ASSIGNMENT ::
In the material below, find the line with "And there's your" and the line with "The keys method", then output both and every line between them exactly, omitting pictures.

Start of GIVEN RECORDS

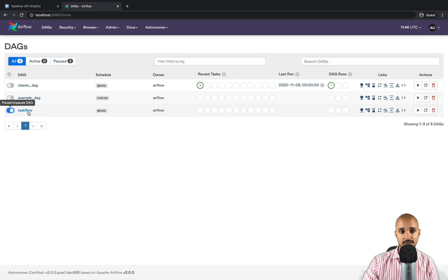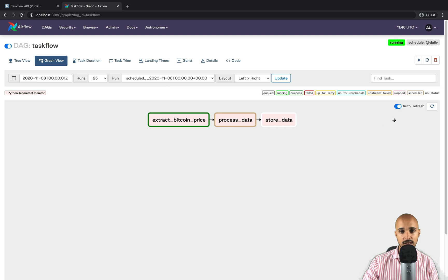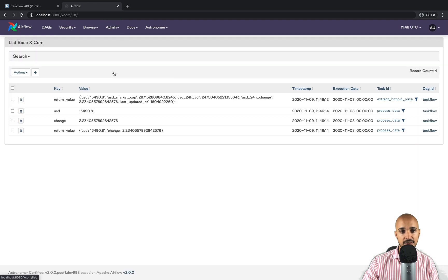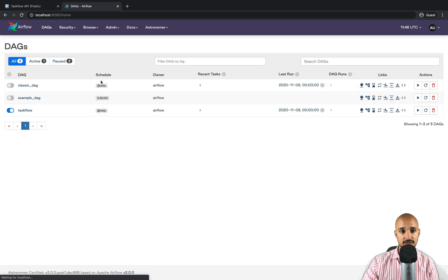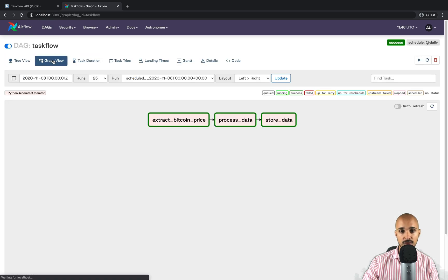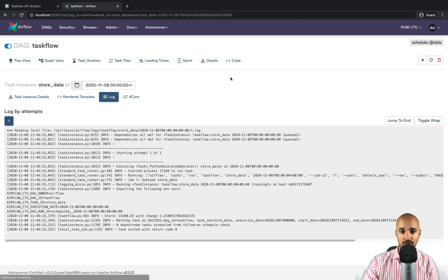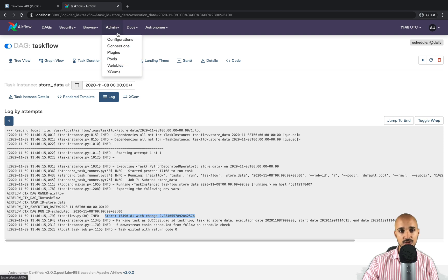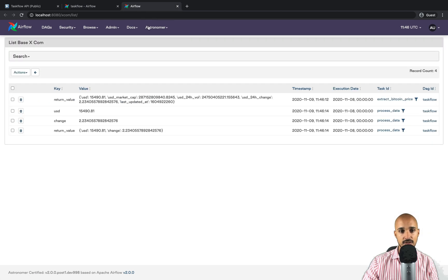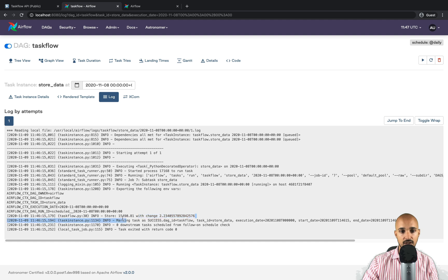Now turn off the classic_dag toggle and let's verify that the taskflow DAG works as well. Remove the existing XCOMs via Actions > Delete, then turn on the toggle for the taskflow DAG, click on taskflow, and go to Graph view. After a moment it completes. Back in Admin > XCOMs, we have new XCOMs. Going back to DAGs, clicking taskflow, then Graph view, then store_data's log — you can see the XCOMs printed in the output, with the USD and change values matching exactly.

End of GIVEN RECORDS
Start of GIVEN RECORDS

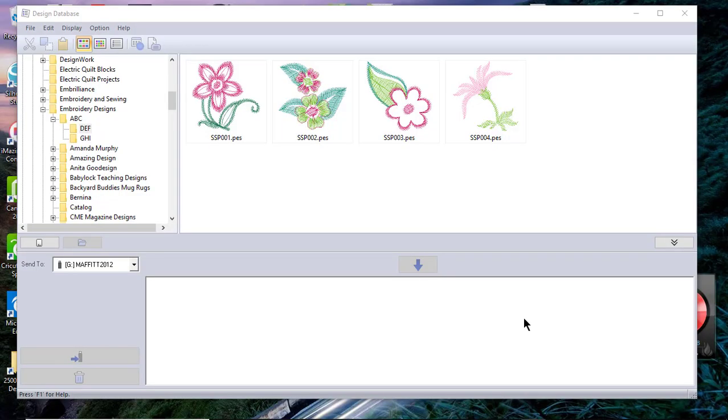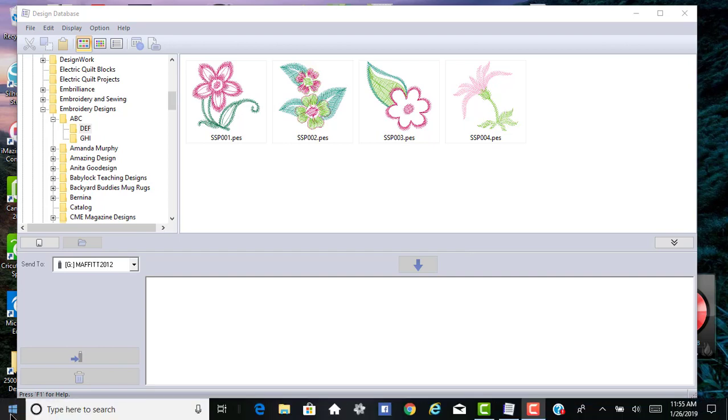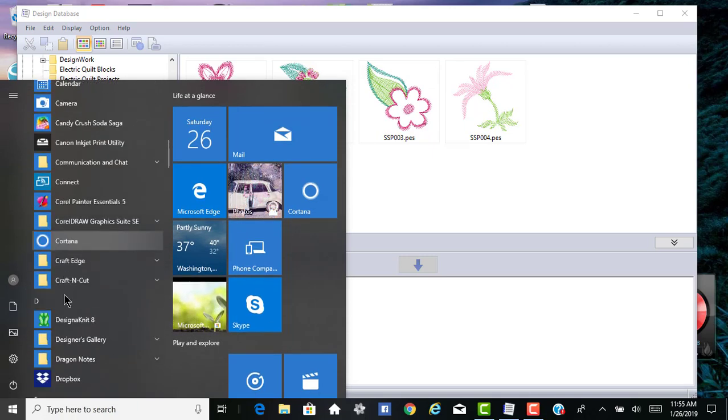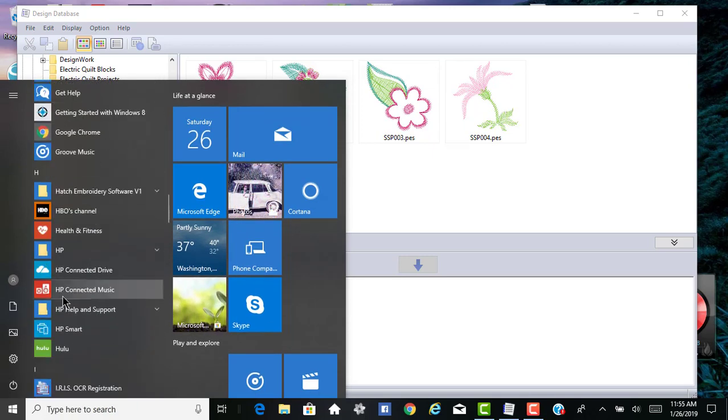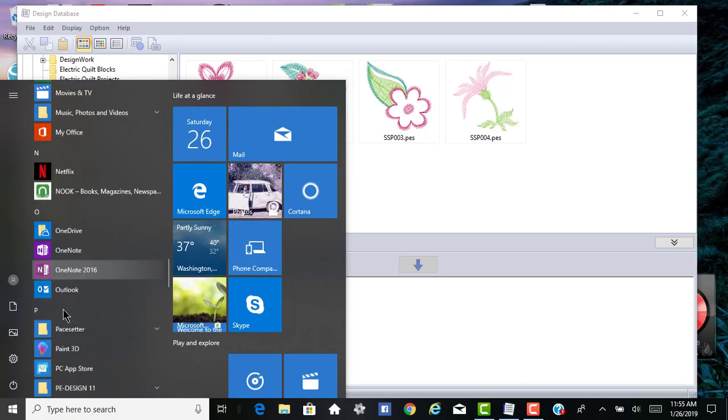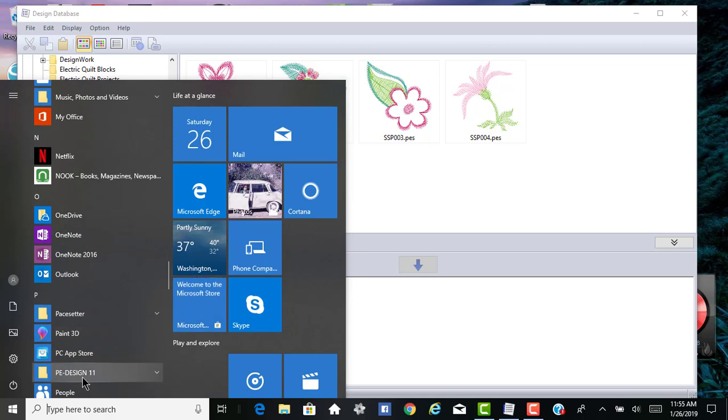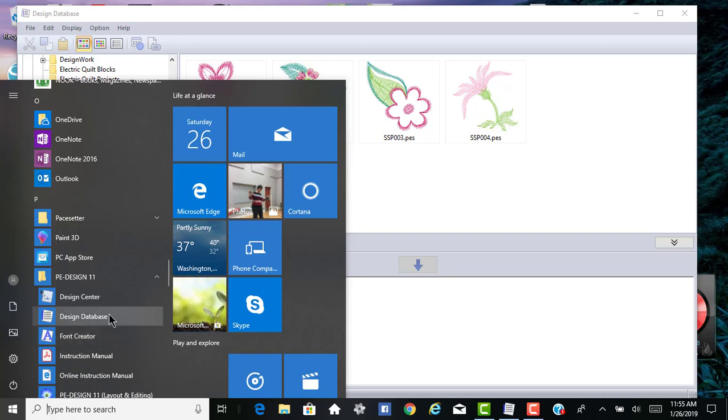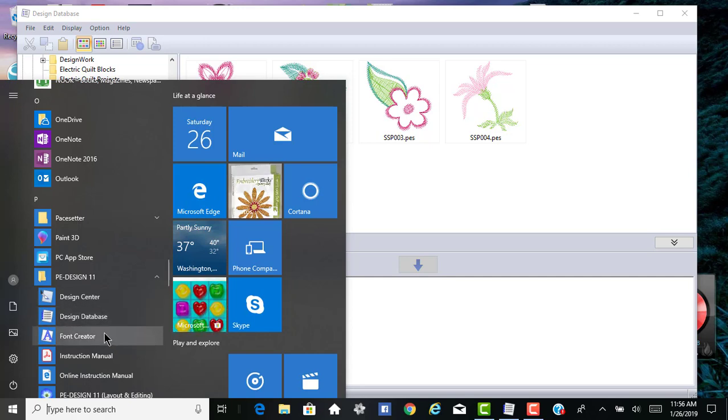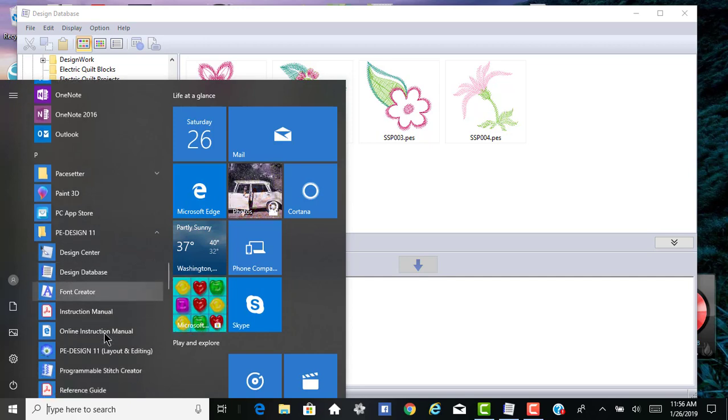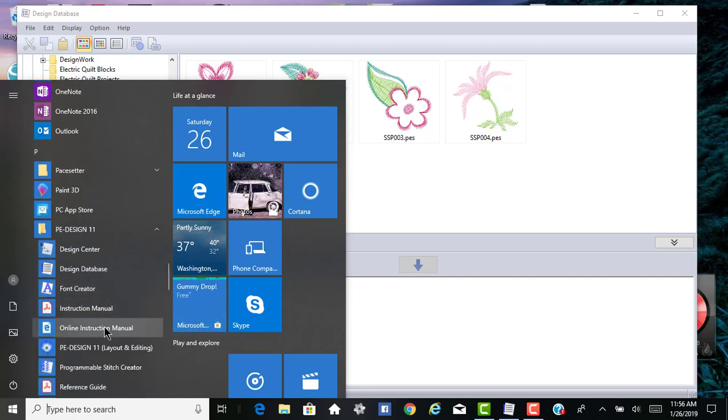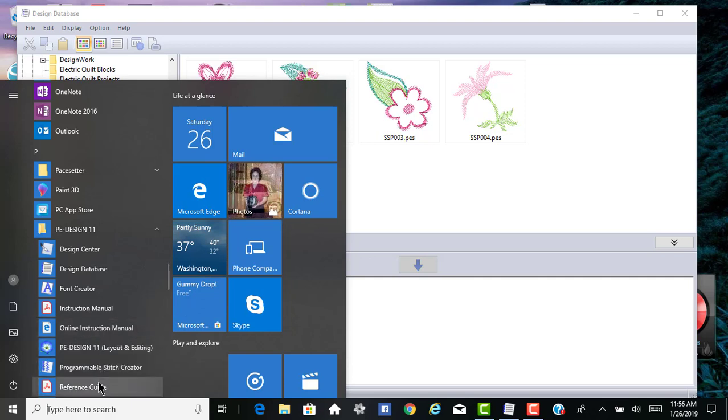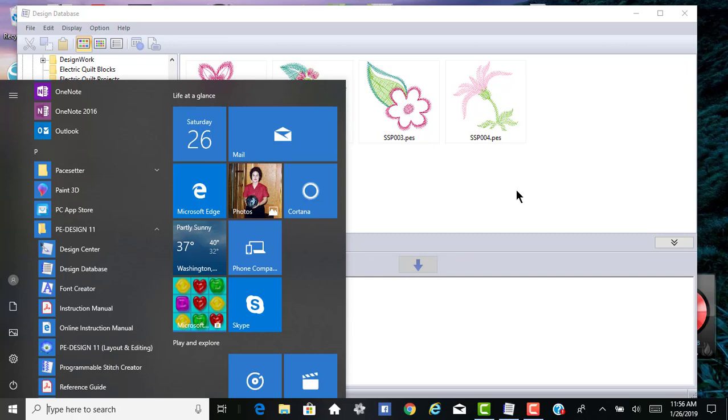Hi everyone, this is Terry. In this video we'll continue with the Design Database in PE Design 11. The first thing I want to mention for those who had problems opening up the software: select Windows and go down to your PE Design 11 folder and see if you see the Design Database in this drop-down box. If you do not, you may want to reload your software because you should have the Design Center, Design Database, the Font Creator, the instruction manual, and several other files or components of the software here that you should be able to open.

End of GIVEN RECORDS
Start of GIVEN RECORDS

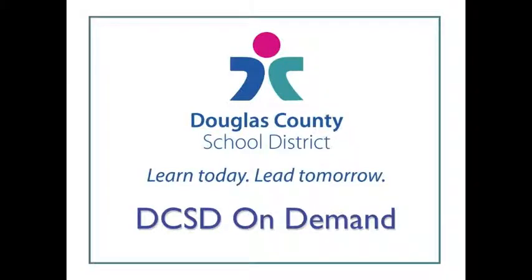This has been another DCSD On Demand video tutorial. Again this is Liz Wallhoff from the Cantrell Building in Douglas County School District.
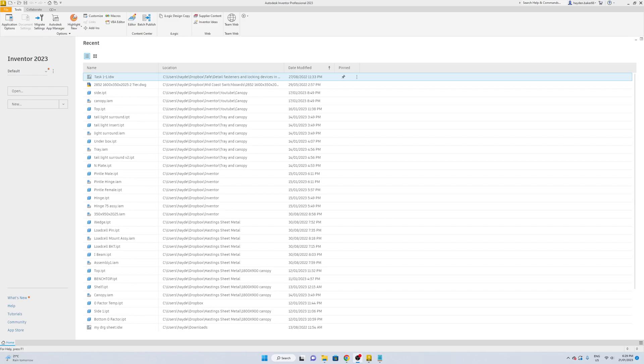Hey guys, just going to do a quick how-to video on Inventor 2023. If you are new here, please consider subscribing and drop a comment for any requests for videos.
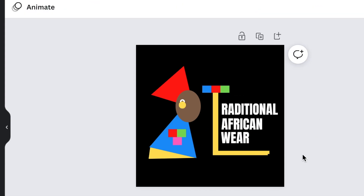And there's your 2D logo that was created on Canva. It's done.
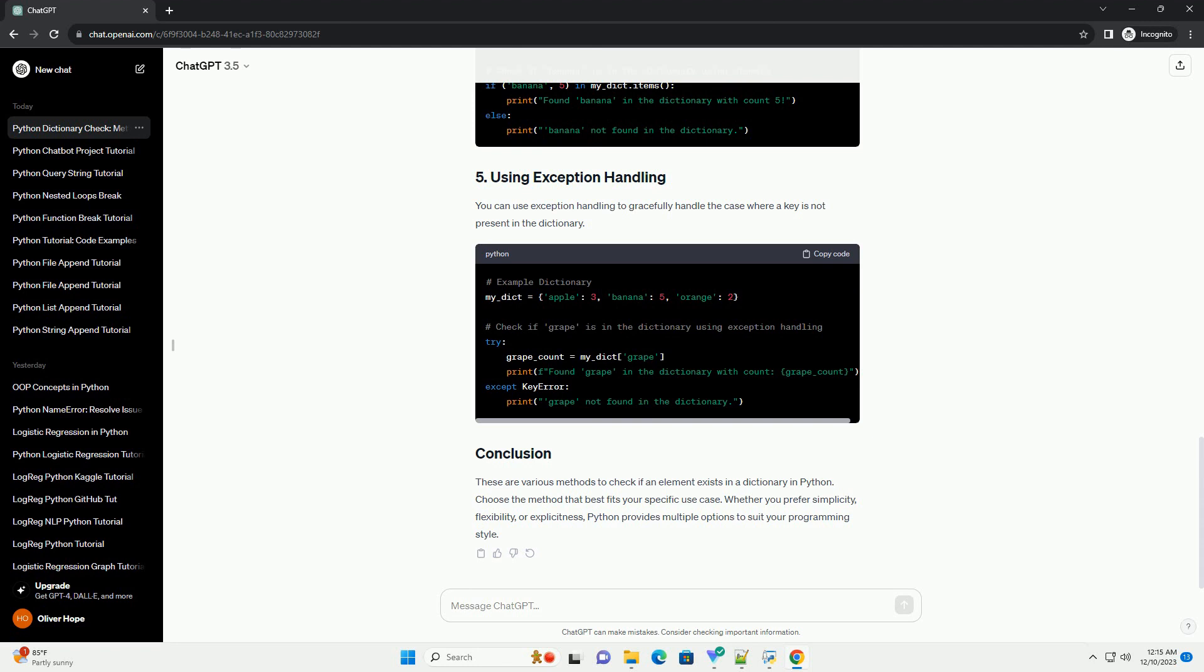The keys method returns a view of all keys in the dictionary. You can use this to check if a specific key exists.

End of GIVEN RECORDS

ANSWER TO THE EXERCISE ::
And there's your 2D logo that was created on Canva. It's done.
The keys method returns a view of all keys in the dictionary. You can use this to check if a specific key exists.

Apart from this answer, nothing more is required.